I will be working a lot this month and I like that. The clean out via KonMari continues with the desk and kitchen being the next targets. I need to go out and review Dennis’ wiki site and see if I do want to get involved in on web production and story development. Could be interesting.

I bought a new tote today. In the past I have generally made my purchases based on the price and so I often buy things that will “do” rather than something I really like. Today I bought a tote that I truly like but that will also serve my purpose. It will hold a lunch, my wallet, the kindle & phone, and some hand work whether it is crochet, knitting, or sewing. It is a reversible leather bag with a flat profile and fits nicely under my arm. I’m trying to determine the syles I like rather than the styles other people give me. Having grown up in hand me downs most of my life I never really developed an idea of fashion. Now is my opportunity.

My thought of the day came to me while I was waiting to start work with the eye exam lecture. It was this:
I no longer have the energy I had and I cannot maintain the pace of multiple lives as I once could.
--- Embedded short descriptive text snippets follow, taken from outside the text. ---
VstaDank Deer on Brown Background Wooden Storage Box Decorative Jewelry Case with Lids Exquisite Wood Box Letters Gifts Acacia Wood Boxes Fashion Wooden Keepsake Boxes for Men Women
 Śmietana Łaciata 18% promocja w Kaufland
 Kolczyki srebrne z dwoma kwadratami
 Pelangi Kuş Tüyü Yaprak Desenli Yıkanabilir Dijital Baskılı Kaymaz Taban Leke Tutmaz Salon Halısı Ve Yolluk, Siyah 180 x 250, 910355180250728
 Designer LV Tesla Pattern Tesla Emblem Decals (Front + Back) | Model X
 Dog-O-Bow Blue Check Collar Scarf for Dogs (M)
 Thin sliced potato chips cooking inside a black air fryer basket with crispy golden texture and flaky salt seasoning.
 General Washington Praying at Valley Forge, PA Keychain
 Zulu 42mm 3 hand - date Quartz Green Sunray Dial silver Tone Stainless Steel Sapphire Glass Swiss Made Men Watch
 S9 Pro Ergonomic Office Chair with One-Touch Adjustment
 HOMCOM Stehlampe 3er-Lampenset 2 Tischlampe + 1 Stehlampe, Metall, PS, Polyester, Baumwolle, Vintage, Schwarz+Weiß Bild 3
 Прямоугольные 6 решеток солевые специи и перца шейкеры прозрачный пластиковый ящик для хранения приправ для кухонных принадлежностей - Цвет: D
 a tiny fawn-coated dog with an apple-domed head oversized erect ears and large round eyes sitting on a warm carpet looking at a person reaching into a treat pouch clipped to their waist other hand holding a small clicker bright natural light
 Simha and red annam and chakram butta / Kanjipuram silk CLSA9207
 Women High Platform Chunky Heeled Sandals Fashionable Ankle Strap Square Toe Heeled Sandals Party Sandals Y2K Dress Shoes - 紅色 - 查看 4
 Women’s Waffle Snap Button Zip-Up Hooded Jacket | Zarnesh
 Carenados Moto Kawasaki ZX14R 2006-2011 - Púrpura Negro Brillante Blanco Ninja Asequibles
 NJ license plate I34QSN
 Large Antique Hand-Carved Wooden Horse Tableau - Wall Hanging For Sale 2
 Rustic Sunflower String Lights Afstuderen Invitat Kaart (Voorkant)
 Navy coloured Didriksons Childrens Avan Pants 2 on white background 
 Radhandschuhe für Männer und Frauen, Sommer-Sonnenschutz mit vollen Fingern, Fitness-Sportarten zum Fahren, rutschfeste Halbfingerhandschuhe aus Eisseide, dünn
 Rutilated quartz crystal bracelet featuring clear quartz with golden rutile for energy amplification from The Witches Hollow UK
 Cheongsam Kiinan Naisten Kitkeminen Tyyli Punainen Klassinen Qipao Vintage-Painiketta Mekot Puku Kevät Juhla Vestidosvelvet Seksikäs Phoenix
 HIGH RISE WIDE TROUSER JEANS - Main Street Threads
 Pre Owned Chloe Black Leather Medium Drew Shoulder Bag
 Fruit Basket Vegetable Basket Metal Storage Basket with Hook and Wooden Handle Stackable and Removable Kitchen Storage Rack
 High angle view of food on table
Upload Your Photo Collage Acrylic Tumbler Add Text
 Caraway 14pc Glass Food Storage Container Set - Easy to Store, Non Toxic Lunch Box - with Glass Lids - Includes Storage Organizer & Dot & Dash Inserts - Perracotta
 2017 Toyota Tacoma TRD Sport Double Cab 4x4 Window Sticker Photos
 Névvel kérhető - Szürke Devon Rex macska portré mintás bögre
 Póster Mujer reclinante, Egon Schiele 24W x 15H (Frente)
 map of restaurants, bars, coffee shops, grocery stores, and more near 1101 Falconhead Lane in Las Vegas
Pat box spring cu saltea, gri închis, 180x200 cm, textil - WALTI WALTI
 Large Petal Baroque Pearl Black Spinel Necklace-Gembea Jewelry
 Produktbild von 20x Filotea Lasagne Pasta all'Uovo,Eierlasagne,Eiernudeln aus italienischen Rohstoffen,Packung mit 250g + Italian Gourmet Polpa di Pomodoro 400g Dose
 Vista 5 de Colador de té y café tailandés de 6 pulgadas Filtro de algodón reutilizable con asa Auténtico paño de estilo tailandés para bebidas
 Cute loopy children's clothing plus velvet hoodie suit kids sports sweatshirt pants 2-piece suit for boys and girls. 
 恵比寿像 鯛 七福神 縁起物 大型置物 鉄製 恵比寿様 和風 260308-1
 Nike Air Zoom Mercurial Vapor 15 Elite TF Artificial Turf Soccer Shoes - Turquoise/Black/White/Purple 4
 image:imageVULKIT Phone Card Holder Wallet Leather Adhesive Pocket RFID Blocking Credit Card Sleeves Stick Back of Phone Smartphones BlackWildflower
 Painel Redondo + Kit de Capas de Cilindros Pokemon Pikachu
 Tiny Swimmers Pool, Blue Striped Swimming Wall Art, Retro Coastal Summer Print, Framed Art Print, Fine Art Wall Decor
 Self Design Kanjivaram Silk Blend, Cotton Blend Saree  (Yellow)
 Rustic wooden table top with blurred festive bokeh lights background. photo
Home, personal life, theater, and work are too many lives for me to keep up with. I am learning that I need to choose between these lives and then pace myself and my expectations of my abilities. I have fought this idea for a long time and was angry that I could no longer keep up with my own ideas and dreams and life. Today I realized that this slowdown is Goddess’ way of asking me to focus on what brings me joy. She wants me to evaluate my life and what I once thought was all important to me and to discern what I truly love and what brings me the greatest joy. This may mean that I have to face disappointing some people I think of as friends but if they are truly friends; they will want me to be happy and healthy.